→ Aim of the exercise: Every line from the one holding "Искате ли куче - Скрита камера" through the one holding "20141101_1698rs.jpg" in the data below must be returned exactly, both ends included, with pictures left out and nothing else added.

→ Data for review:
┏━━
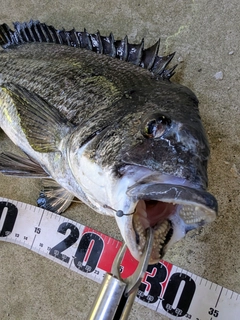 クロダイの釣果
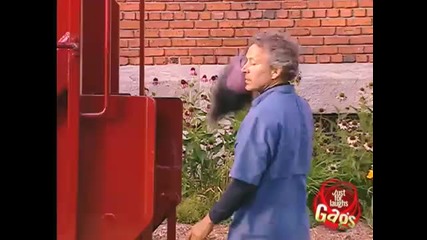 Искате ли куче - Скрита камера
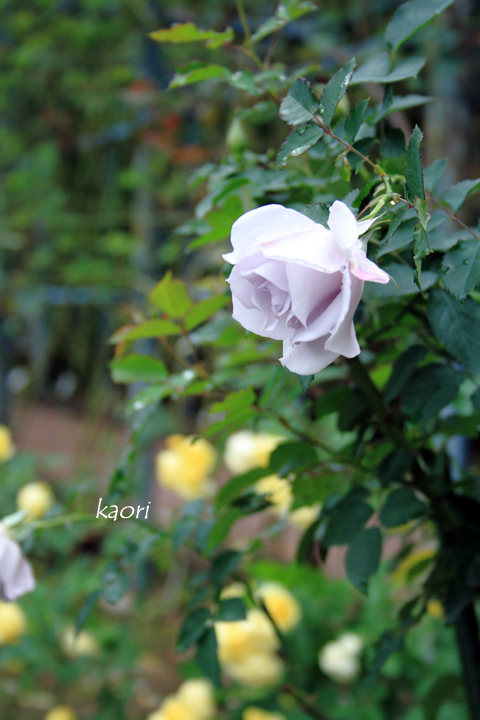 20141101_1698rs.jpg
┗━━
┏━━
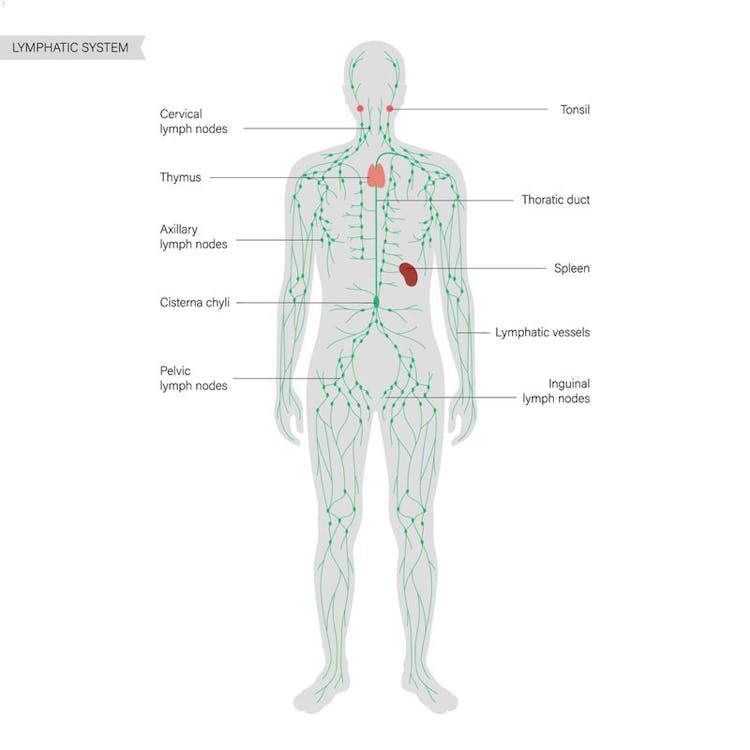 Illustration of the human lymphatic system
┗━━
┏━━
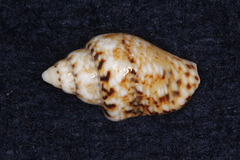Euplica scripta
┗━━
→ Exercise answer:
 Искате ли куче - Скрита камера
 20141101_1698rs.jpg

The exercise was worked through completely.